**Problem to solve:** Please print nothing but the lines from the one with "Ljusrosa blommig klänning" to the last line of the records below, and omit pictures.

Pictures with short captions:
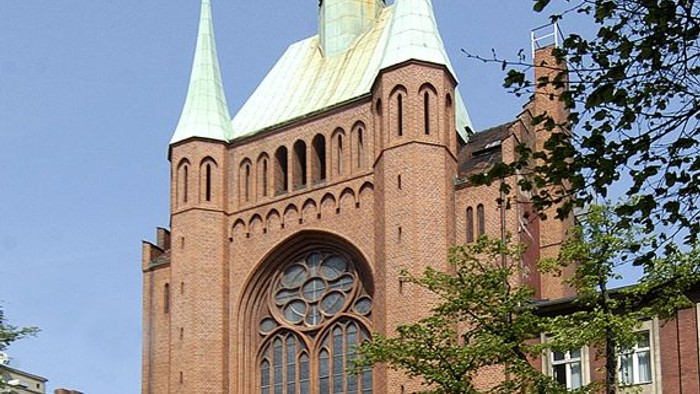 Gothische Backsteinkirche mit zwei Türmen und spitzen Dächern.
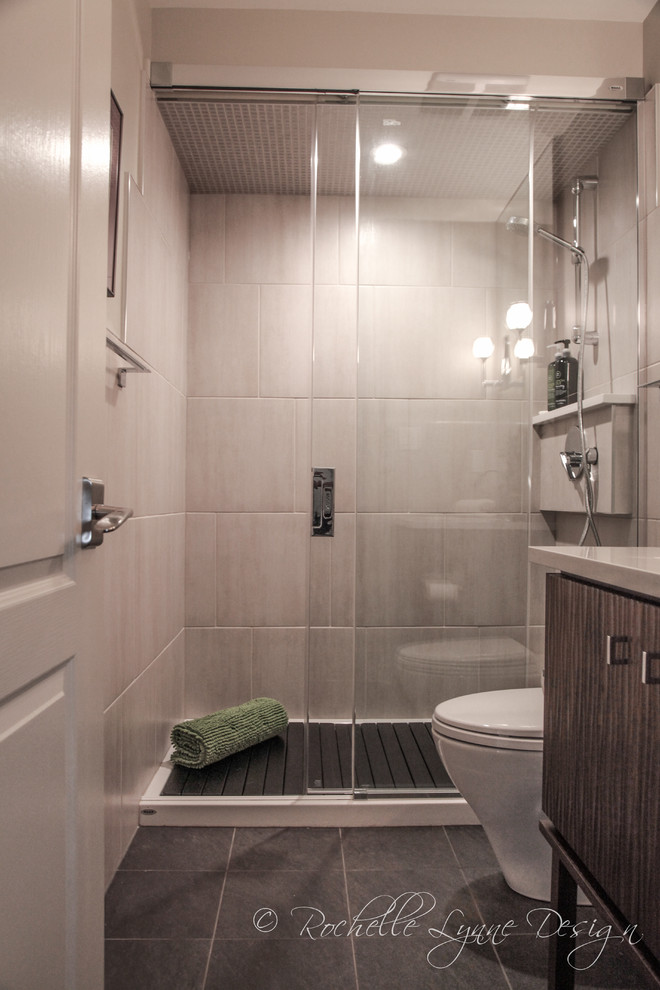 Inspiration for a small contemporary bathroom in Calgary with an undermount sink, flat-panel cabinets, dark wood cabinets, engineered quartz benchtops, an alcove shower, beige tile, porcelain tile, white walls and porcelain floors.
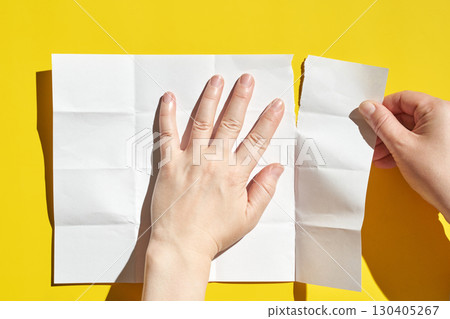 Caucasian female hands tearing white paper on bright yellow background 130405267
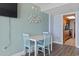 Dining area featuring light blue chairs and a white table with a view into the kitchen at 1501 S Ocean Blvd. # 1039, Myrtle Beach, SC 29577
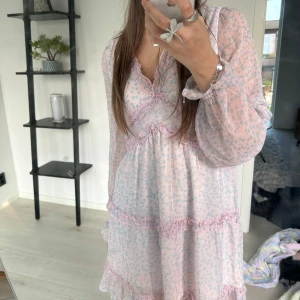 Ljusrosa blommig klänning med volang - Supersöt ljusrosa kortklänning med småblommigt mönster och volangdetaljer från Vero Moda. Klänningen har långärmade, transparenta ärmar och v ringning. Perfekt för sommaren! 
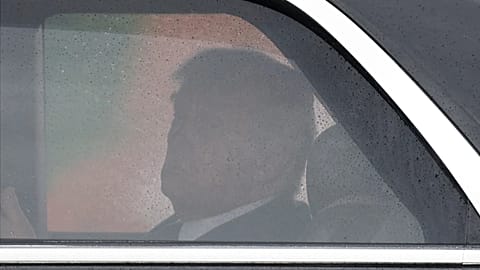 President Donald Trump looks toward Air Force One from his limousine known as "The Beast," upon his arrival at Joint Base Andrews, Md., Friday, May 22, 2026.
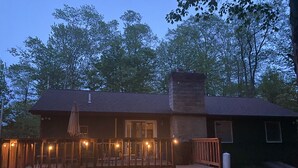 Une cabane avec une véranda, des marches et une cheminée.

**Output for this exercise:**
 Ljusrosa blommig klänning med volang - Supersöt ljusrosa kortklänning med småblommigt mönster och volangdetaljer från Vero Moda. Klänningen har långärmade, transparenta ärmar och v ringning. Perfekt för sommaren! 
 President Donald Trump looks toward Air Force One from his limousine known as "The Beast," upon his arrival at Joint Base Andrews, Md., Friday, May 22, 2026.
 Une cabane avec une véranda, des marches et une cheminée.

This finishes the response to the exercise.